The rule of thumb for any complaint: a solution must follow a criticism; otherwise it’s just whining. I may be apathetic, but Ron Paul is just a Debbie Downer.

Ron Paul suffers, and has suffered, intrinsically from not knowing when to pick his battles. The man hates everything. He runs for office just so he can lambaste any proposal that hits the Senate floor. Sure Clinton, Obama, and McCain voice oppositions, but they occasionally support some things. Ron Paul is like a student who signs up for Spanish class, then spends the entire semester whining about what a stupid language Spanish is (that analogy works even better when you look at Ron Paul’s proposal for dealing with Mexicans).

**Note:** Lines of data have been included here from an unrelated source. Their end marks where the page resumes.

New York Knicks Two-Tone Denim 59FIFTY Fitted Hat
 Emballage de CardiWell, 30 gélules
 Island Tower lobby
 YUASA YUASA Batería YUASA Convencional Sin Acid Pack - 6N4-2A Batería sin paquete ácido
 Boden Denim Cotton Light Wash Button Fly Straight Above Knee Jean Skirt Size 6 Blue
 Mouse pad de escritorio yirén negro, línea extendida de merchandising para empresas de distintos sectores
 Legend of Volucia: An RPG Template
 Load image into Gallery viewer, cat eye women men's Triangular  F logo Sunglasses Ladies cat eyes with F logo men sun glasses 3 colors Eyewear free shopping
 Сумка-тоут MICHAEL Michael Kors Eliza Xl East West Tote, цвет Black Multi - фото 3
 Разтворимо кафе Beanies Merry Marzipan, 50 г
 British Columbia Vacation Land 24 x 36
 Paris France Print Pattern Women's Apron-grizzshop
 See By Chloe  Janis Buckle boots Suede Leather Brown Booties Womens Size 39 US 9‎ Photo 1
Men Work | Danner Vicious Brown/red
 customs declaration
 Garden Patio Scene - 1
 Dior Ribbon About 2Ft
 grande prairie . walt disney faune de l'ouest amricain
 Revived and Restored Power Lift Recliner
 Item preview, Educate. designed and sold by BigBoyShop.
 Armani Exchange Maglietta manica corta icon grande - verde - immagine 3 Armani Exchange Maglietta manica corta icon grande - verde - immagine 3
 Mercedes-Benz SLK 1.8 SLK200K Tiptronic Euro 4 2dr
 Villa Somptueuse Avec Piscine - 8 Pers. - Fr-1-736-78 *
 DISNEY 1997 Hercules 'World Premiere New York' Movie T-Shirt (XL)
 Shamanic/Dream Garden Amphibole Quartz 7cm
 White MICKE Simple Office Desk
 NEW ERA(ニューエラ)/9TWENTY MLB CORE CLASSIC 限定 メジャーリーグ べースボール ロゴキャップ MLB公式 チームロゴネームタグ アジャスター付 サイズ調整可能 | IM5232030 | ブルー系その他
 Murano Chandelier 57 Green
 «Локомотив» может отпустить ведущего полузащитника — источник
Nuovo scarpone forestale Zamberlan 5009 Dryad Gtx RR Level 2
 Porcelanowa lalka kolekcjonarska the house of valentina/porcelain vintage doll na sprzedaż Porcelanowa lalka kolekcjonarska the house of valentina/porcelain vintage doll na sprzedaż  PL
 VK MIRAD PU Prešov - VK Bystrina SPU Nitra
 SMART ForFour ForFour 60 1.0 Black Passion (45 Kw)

I realize my ethos as a political writer suffers tremendously with each new blog I write, but certainly I haven’t rendered myself completely untrustworthy yet. And while not much can be said about my voice as a commentator, at least when I provide a grievance, I provide a solution. My solutions may not be universal, they may not be respectable, and they may not even be reasonable, but the fact that I at least include a suggestion shows that I am trying. Ron Paul, through years of uphill battles and blind disregard, has forgotten that as a politician, even a radical one, the goal is not whistleblowing; the goal is improvement.